As a result of these legal issues, BofI's stock became a big target for short-sellers. In fact, more than 36% of all of BofI's outstanding shares were sold short as of March 15, 2017.
Don't lose sight of the big picture
Despite all of the legal noise, BofI's business is firing on all cylinders. Because of the cost advantages that come with being an online-only bank, BofI has built one of the most efficient and profitable operations in the industry.
In the most recent quarter, BofI produced a return on equity (ROE) of 17.49% and a return on average assets (ROAA) of 1.66%, with most metrics handily surpassing the industry benchmarks of 10% and 1%, respectively. The bank's efficiency ratio of 31.46% is less than half of its peer group average of 66.82%. (Lower is better.)
Not only is BofI profitable and efficient, but it's growing at a breathtaking pace. Loan originations have grown at an annualized rate of 43% since 2011, and earnings have grown at a 32% rate. During these years, the bank has successfully transitioned from a time-deposit (CD) business model to one based on more traditional banking products, such as checking and savings accounts, which has helped fuel its growth and continues to do so.
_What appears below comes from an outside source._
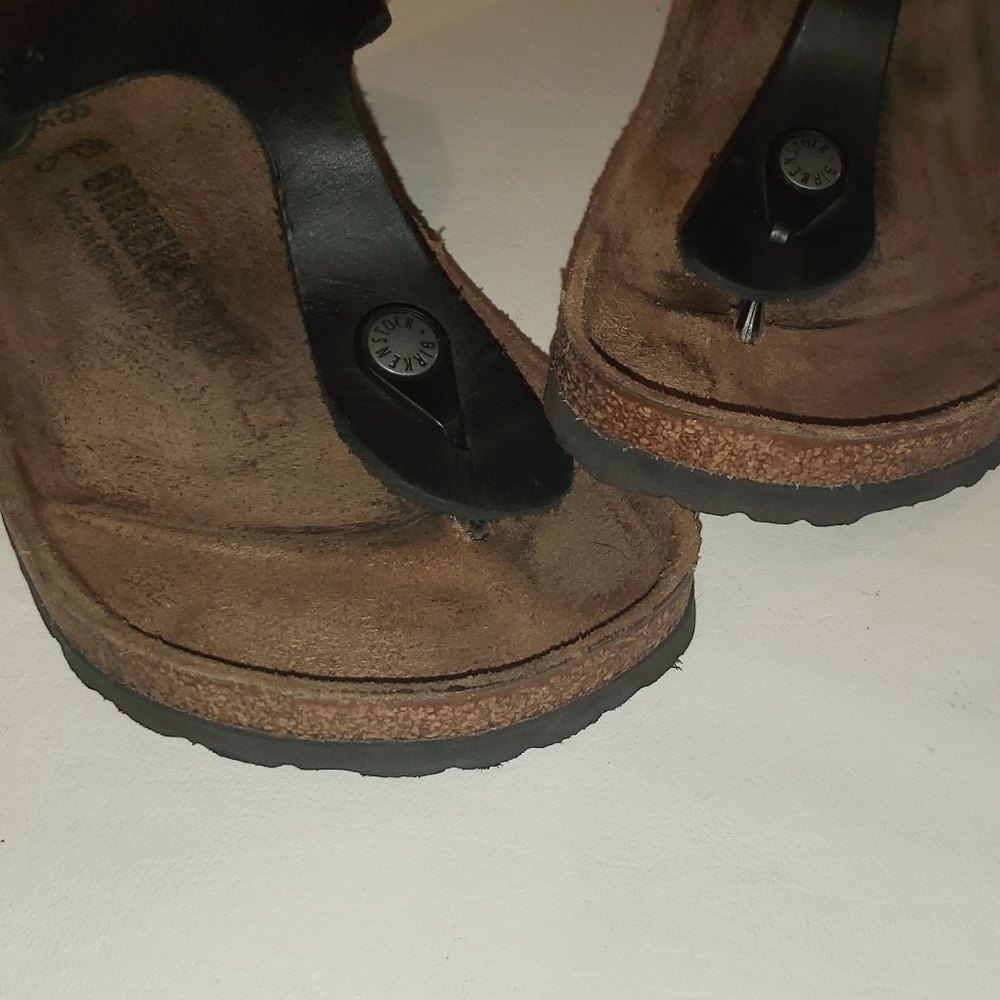 BIRKENSTOCK Gizeh Oiled Leather Black Sandals 38 7 - Picture 7 of 9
Image source: BofI Holding Investor Presentation.
The growth isn't slowing down much just yet. In fact, in the most recent quarter, BofI's assets grew by 22.6% year over year, and deposits grew by 27%. BofI's roughly $8 billion in total assets is actually quite small for the banking industry, so there could be many years of double-digit growth still to come.
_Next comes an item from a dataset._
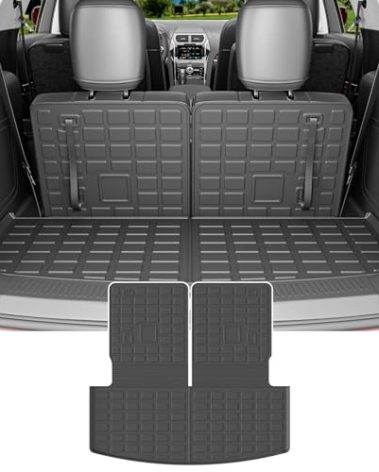 powoq 6&7 Seats Cargo Mat Compatible with 2020-2025 Ford Explorer Trunk Mat TPE Cargo Liner Trunk Liner Replacement for 2020 2021 2022 2023 2024 2025 Ford Explorer Accessories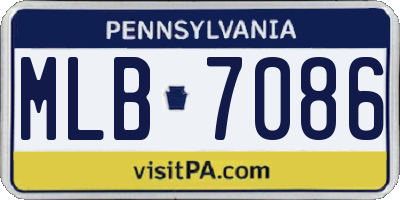 PA license plate MLB7086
The bottom line: Don't sell your shares just because of this
When a news story like this appears, whether it's about BofI or any other company, for that matter, the worst thing you can often do is to sell your shares after a knee-jerk reaction by the market causes shares to drop.
To the contrary, smart investors look at situations like these as buying opportunities to invest in excellent companies whose stocks are trading for irrationally discounted prices.